Credit: X-ray: NASA/CXC/Univ. of Maryland/A.S. Wilson et al.; Optical: Pal.Obs. DSS; IR: NASA/JPL-Caltech; VLA: NRAO/AUI/NSF
SYDNEY: Extremely accurate measurements of ‘megamasers’ – powerful natural amplifiers of radio waves that operate similar to the way lasers amplify light – will extend the cosmic distance scale and help astronomers understand the nature of dark energy.
Masers (an acronym for Microwave Amplification by Stimulated Emission of Radiation) are sources that amplify or generate microwaves. They phenomenon occurs naturally in molecular clouds, stellar or planetary atmospheres and the accretion disk where matter falls into black holes.

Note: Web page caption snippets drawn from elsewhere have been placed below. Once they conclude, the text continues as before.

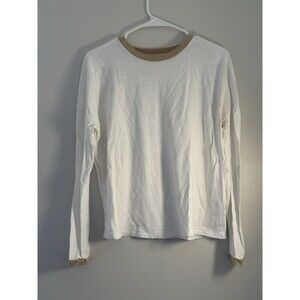 Boden Metallic Trim Long Sleeve Top White Gold Size M basic minimalist classic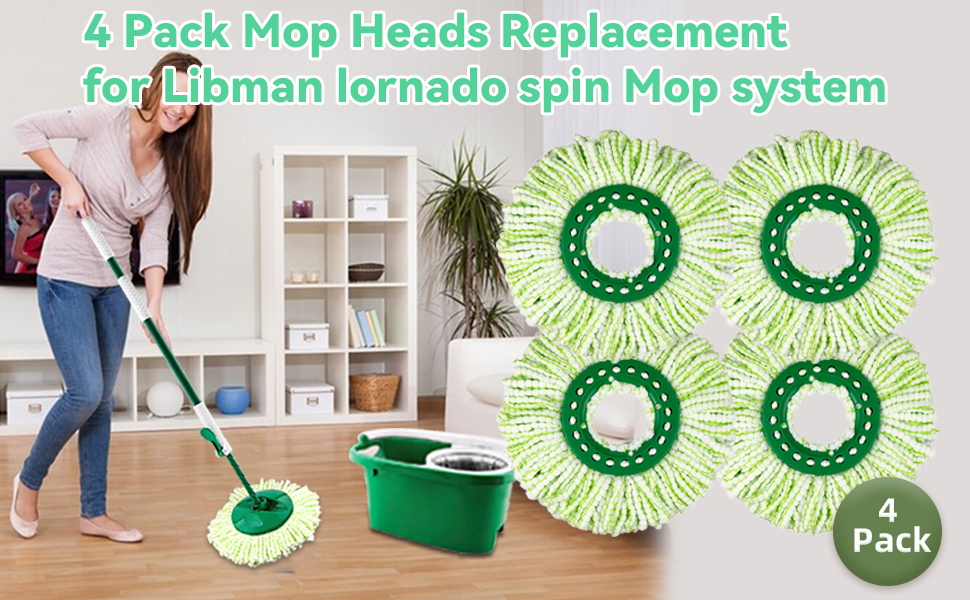 4 Pack Mop Head Replacement Compatible with Libman Tornado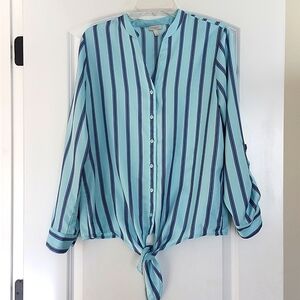 Talbots Blue Striped Button Down Shirt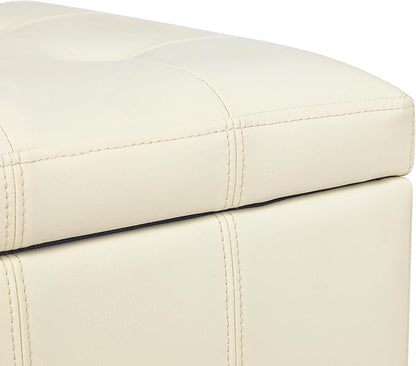 Adeco Faux Leather Storage Ottoman with Hinged Lid, 17.5 Inch High Cream White Square Cube Foot Stool with Storage, Upholstered Vanity Stool with Solid Wood Legs for Living Room, Bedroom, Dorm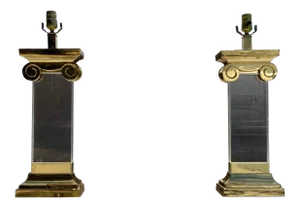 Lucite & Brass Ionic Column Table Lamps - a Pair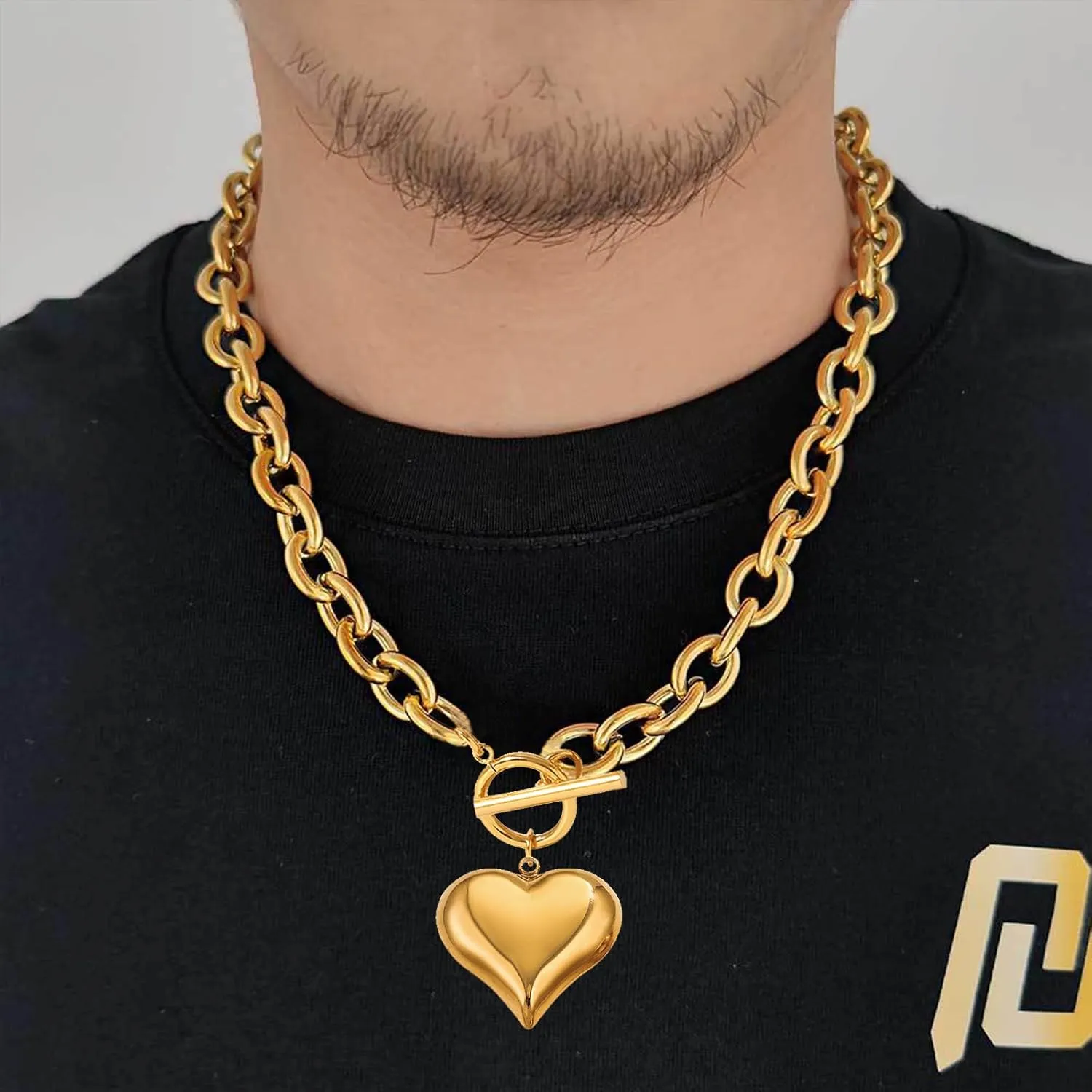 Gold Puffy Heart Necklace 16in/18in Chunky Heart Necklaces for Women Trendy 14K Golden Toggle Necklaces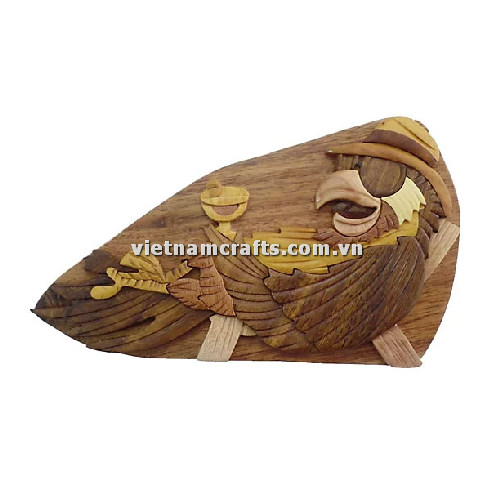 IB195 Intarsia Wood Art Wholesale Secret Wooden Scroll Saw Puzzle Box Manufacture Handcrafted Wooden Supplier Made In Vietnam Parrot on Beach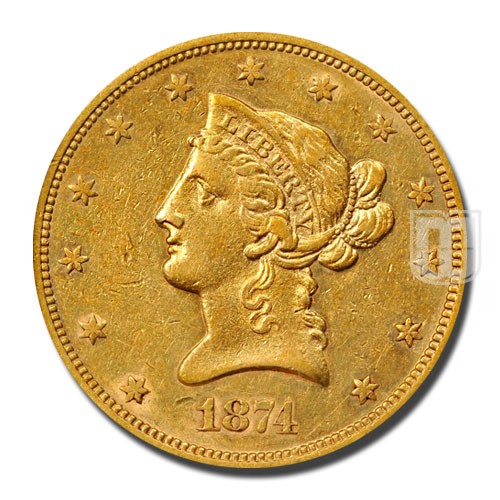 Ten Dollar | 1874 | KM 102 | O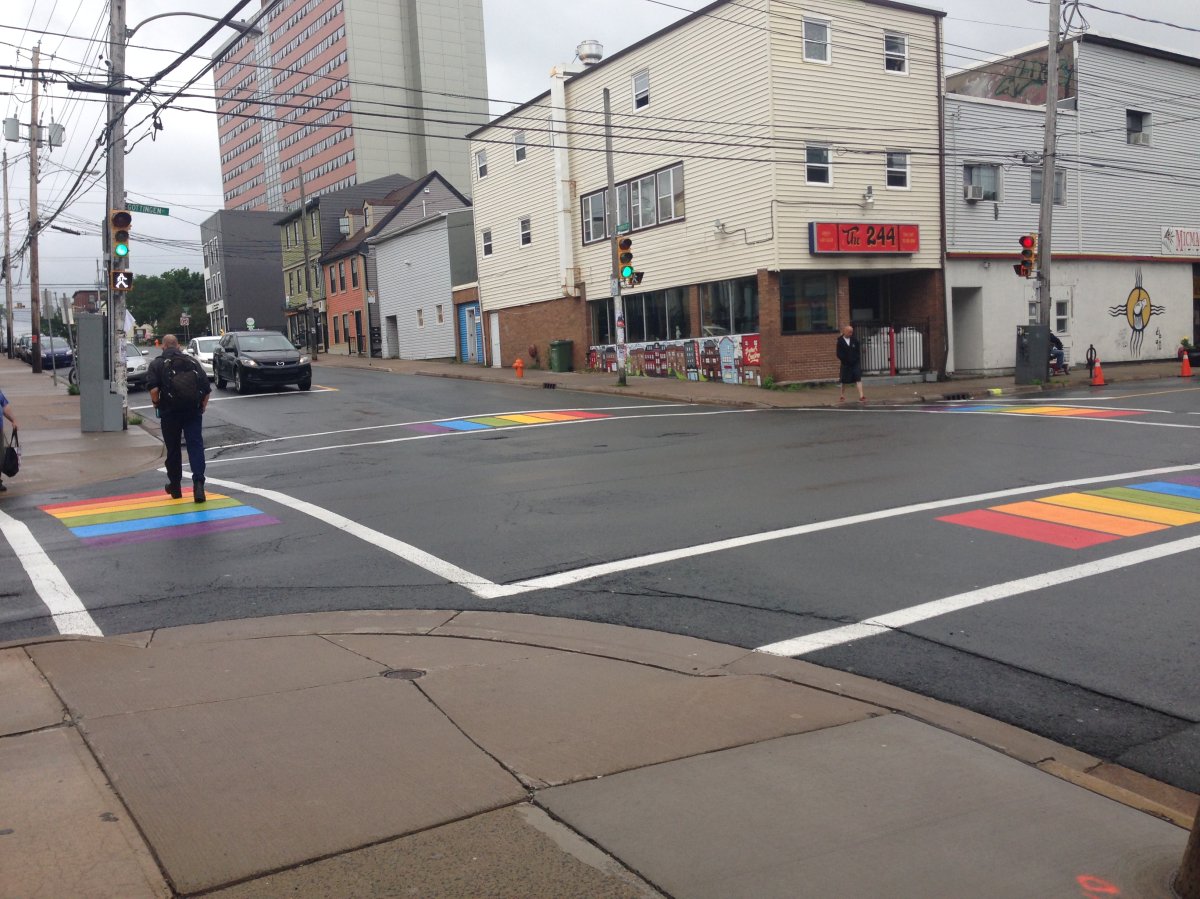 FILE - Rainbow crosswalks ring the intersection of Gottingen and Cornwallis streets in Halifax.
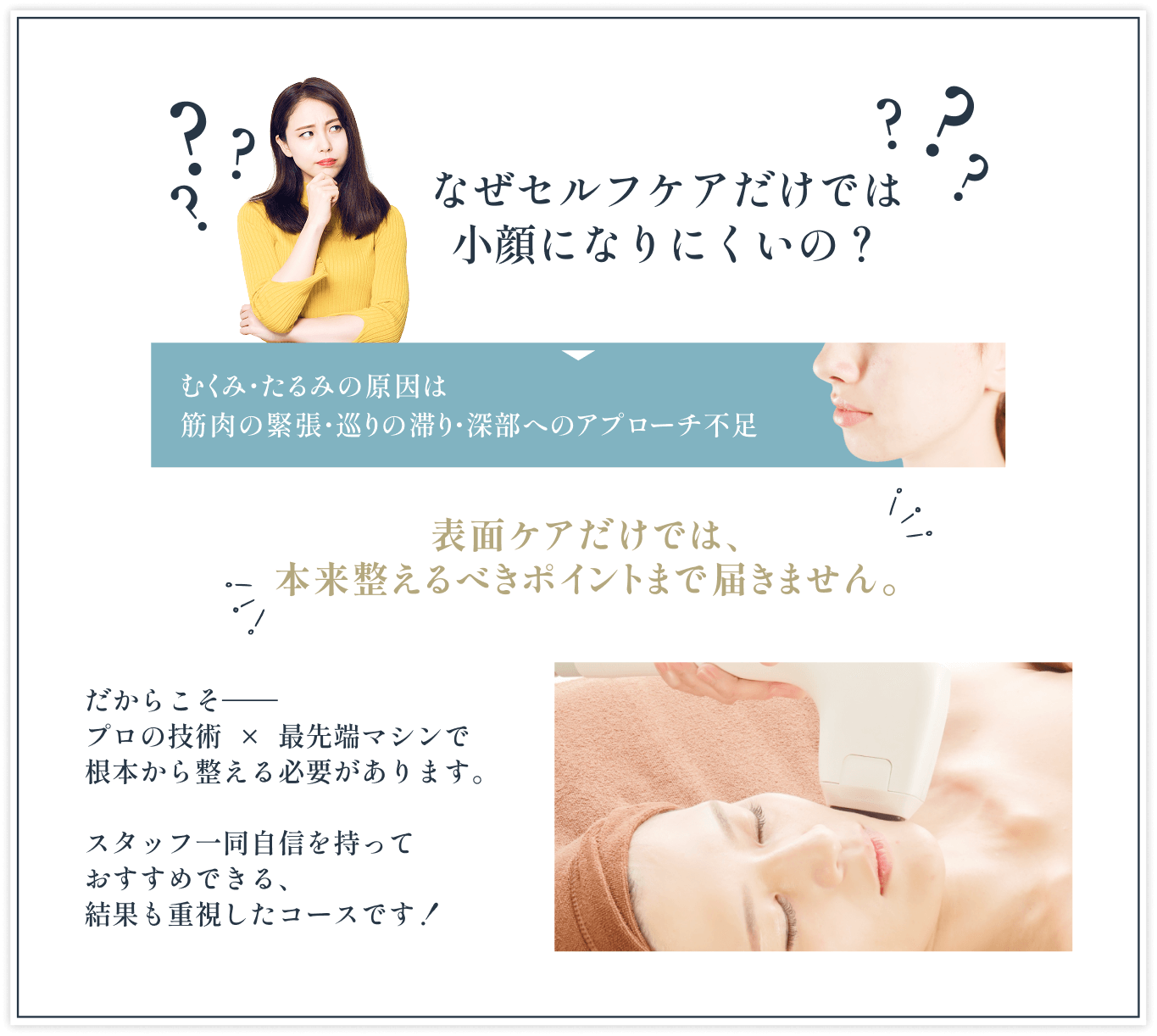 なぜセルフケアだけでは小顔になりにくいの？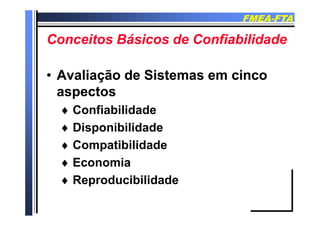 FMEAFMEA--FTAFTA
C it Bá i d C fi bilid dC it Bá i d C fi bilid dConceitos Básicos de ConfiabilidadeConceitos Básicos de Confiabilidade
•• Avaliação de Sistemas em cincoAvaliação de Sistemas em cinco
ttaspectosaspectos
 Confiabilidade Confiabilidade
 Disponibilidade
 Compatibilidade
 Economia Economia
 Reproducibilidade
 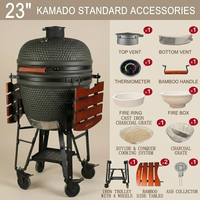 Barbecue Kamado Auplex 23,5 pouces XL haut de gamme en céramique, barbecue au charbon de bois, fumoir, barbecue Kamado au charbon de bois pour la cuisine en plein air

The Megamaser Cosmology Project is an ambitious new attempt to measure the distance to masers in far-off galaxies. Astrophysicist James Braatz, from the U.S. National Radio Astronomy Observatory in Charlottesville, Virginia, reported on how the project is progressing at a meeting of the American Astronomical Society in Pasadena, California on Tuesday.
Cosmic distance scale
Braatz and his team have measured the angular distance and thickness of a disk of material orbiting a black hole in the centre of UGC 3789, a galaxy about 160 million light-years away.
So-called water masers in the disk amplify the radio waves from matter falling into the black hole. The radio waves were measured using the National Science Foundation’s Very Long Baseline Array and Robert C. Byrd Green Bank Telescope, as well as the Effelsberg Radio Telescope of the Max Planck Institute for Radioastronomy in Germany.
The result will extend the cosmic distance scale – the way we accurately measure distances across the universe – currently based on so-called ‘standard candles’ in astronomy, such as Type Ia supernova or Cepheid variable stars.
Hubble constant
“Measuring precise distances is one of the oldest problems in astronomy, and applying a relatively new radio-astronomy technique to this old problem is vital to solving one of the greatest challenges of 21st century astrophysics,” said Mark Reid a team member at the Harvard-Smithsonian Centre for Astrophysics in Boston, Massachusetts.
Though it will require the measurement of many more galaxies using the maser method, the project also aims to come up with an independent and very accurate value for the Hubble constant.
First discovered by Edwin Hubble in the 1920s, the Hubble constant indicates the rate at which the universe is expanding.
Hubble put the value of the expansion rate at 500 kilometers/second/megaparsec (a megaparsec is equal to about 3.26 million light years); current estimates put the value at 74.2 km/sec/Mpc, give or take 3.6 km/sec/Mpc.